NEW DELHI: A bench of Madras high court has observed that the Centre should amend the Motor Vehicles Act to make it mandatory for every vehicle to purchase comprehensive insurance policy rather than just third party one so that each occupant is eligible for compensation in case of death or injury.
It has also observed that the owners should make upfront payment of the premium for vehicle’s lifetime to avoid the practice of people often not renewing their policies. The two-member bench has suggested the government to establish a mechanism so that whenever the insurance policy expires, this should be informed to the regional transport office (RTO) and the vehicle should be seized immediately.

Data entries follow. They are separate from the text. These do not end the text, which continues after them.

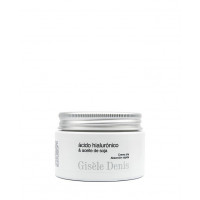 Hyaluronic Acid and Soya Oil Face Cream - Gisèle Denis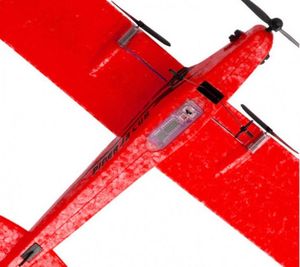 Samolot zdalnie sterowany TPC Piper J-3 CUB Ready To Fly (TPC/FX803-RED) 4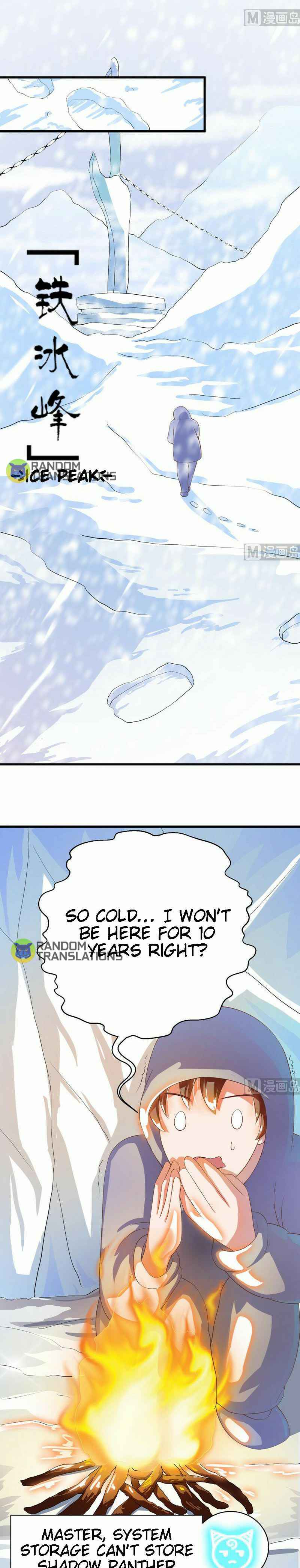 Divine Beast System Chapter 35 - Page 4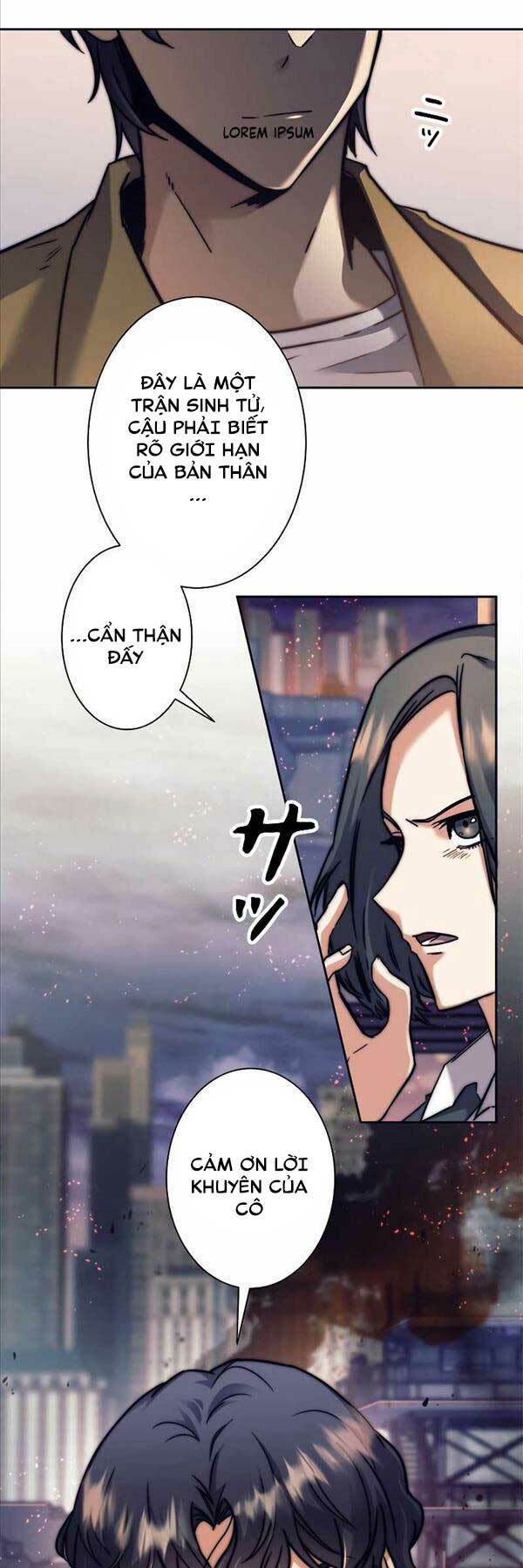 Tôi Là Thợ Săn Cấp EX - Chapter 15 - Page 31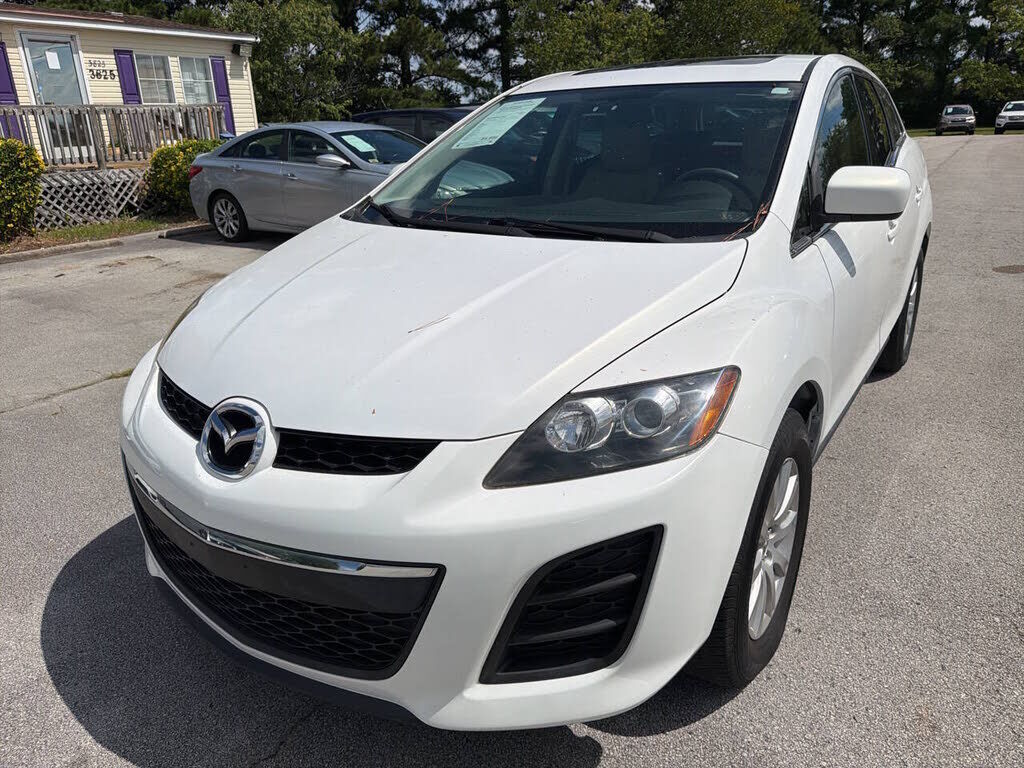 2010 MAZDA CX-7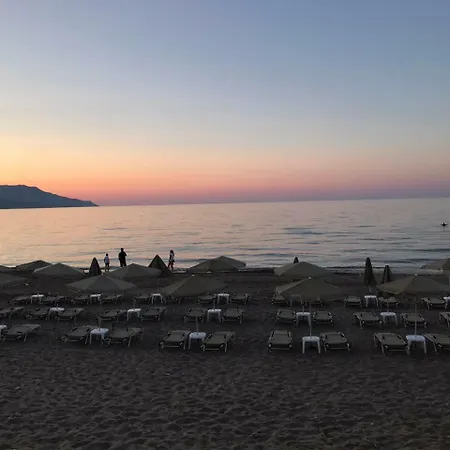 Otel Aquamar Beach 3*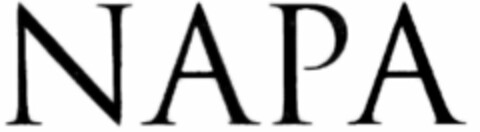 NAPA Logo (USPTO, 15.10.2009)
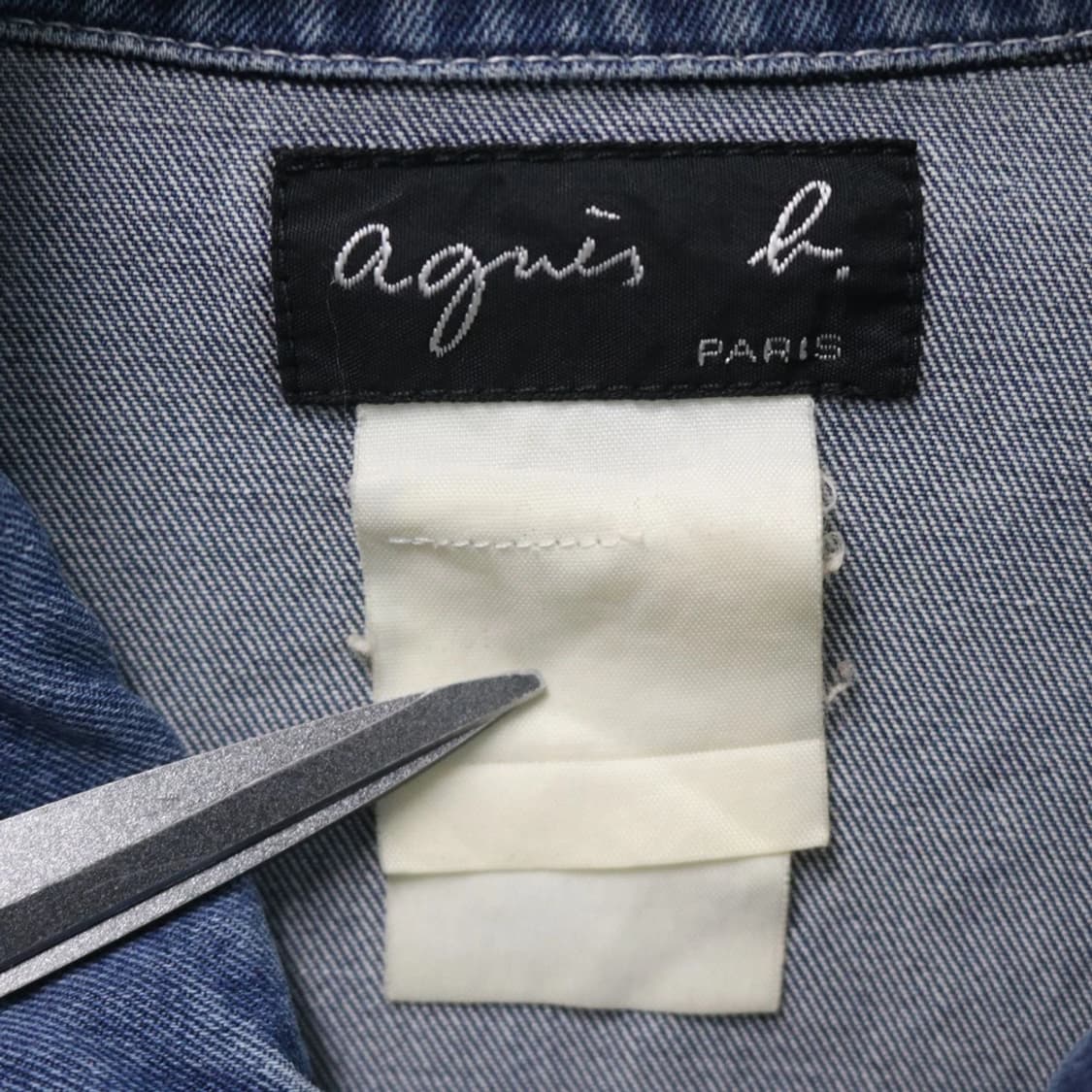 아네스베 데님 자켓 65181 상품이미지7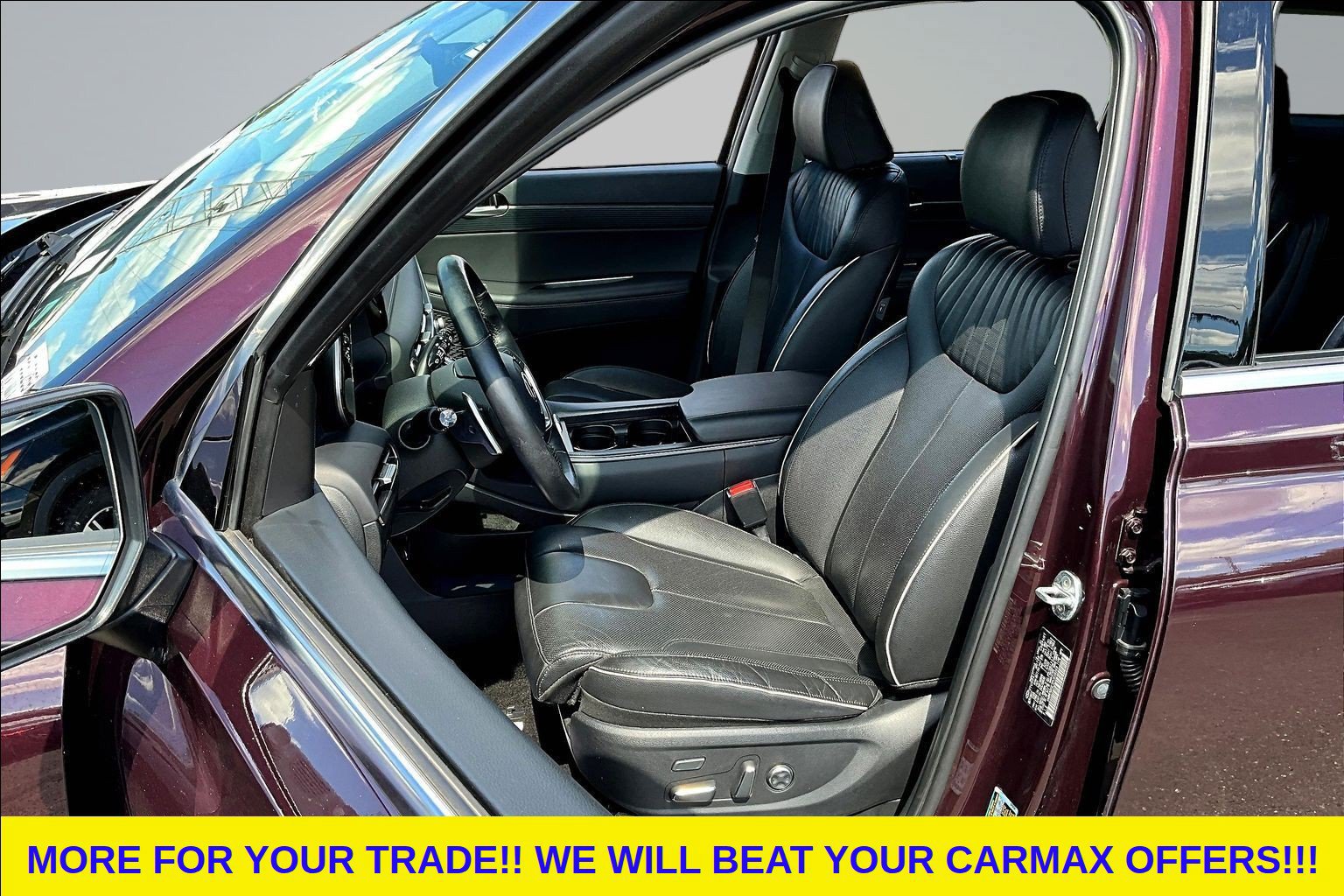Used 2023 Hyundai Palisade Limited AWD/4WD image 20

The court’s observation came while including the transport and finance ministries and the insurance regulator IRDA suo motu as parties while hearing a case relating to the compensation awarded to the kin of a former police constable who died in a car accident.
Currently, it’s optional for owners to go for comprehensive policy, which includes self damage as well.
Challenging the compensation awarded for constable’s death, the insurance company said that compensation could not be awarded for the death of the occupant since it had only third party insurance cover. The court observed, “According to the seating capacity, the insurance should be made compulsory and no option should be given to choose between policies.”
Meanwhile, the government on Thursday ruled out any possibility of levying additional cess on petrol or diesel to do away with the toll collection on national highways.